En el cuento de “Legión extranjera”, en La pasión según G.H. o en las cartas íntimas se encuentra la búsqueda de un estado de gracia, como ella llama a esa especie de encuentro. Algo que está ahí, sin un nombre verdadero. Y que uno puede vislumbrar si es afortunado y hay silencio en uno mismo. Es decir, cuando hay interrupción de ese flujo de pensamiento. Entonces, cuando nadie llama, la casa permanece sola y puede haber estado de gracia.
Lispector envuelve a los personajes y a ella misma —un personaje casi místico— en un aura de suspensión momentánea. Como si se dieran cuenta de todo lo que les rodea, justo en el momento en que la cámara se acerca y el espectador-lector es testigo de la transformación del rostro, de la emancipación de ese pensamiento que de tan abstracto se vuelve oración, decisión final o revelación absoluta (suicidio, dios, el amor que se pierde o que se encuentra, el gesto, el reconocimiento del otro, saber qué es uno, el rito de crecer). La revelación de este absoluto es una instancia de pertenencia y de estar frente a un umbral. El umbral es algo que debe cruzarse. Aunque varios de sus personajes deciden no hacerlo, el mero hecho de estar ahí, frente a ese umbral, abismo, las hace ya distintas. No hay normalidad posible a la cual volver. Ese umbral es el límite de cada persona. Lispector insiste en pensar en cómo se construye una persona: con preguntas, con límites, con extremos. Para escribir debe irse más allá de esos límites. Eso incluye al lenguaje, al número y al tono de las palabras que usamos. El trabajo es estético. Lispector busca una sintaxis que parta de un idioma ya construido, ya hecho, ya realizado por otros para volverlo otra cosa: fingirá no conocer ese idioma, ser aprendiz. Y por idioma, quiero decir todo lo que la rodea. Hay en su obra una especie de ingenuidad —falsa o verdadera, eso no tiene la mayor relevancia— en la cual el personaje-otro o personaje-ella exclama: ¿Esto qué es? ¿Qué significa? ¿Qué dice de mí esto que está afuera de mí? ¿A dónde me lleva? ¿Soy yo quien decido? ¿Eso de ahí, frente a mí, qué me dice y qué debo hacer en relación con su presencia, su existencia?
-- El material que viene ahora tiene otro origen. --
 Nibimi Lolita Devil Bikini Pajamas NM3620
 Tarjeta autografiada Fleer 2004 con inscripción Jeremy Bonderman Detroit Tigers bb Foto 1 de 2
La escritura de Lispector no es deslumbrante porque eso podría significar que una persona está en una habitación en penumbra y alguien corre la cortina o enciende la luz. Y no, no es así. Creo que su escritura es un manifiesto sobre ser persona, sobre cómo una persona se construye, y la palabra es tan sólo una de las tantas posibilidades de definirla. La obra de Lispector no deslumbra, no alumbra, no da luz. Cierra la cortina y apaga el interruptor.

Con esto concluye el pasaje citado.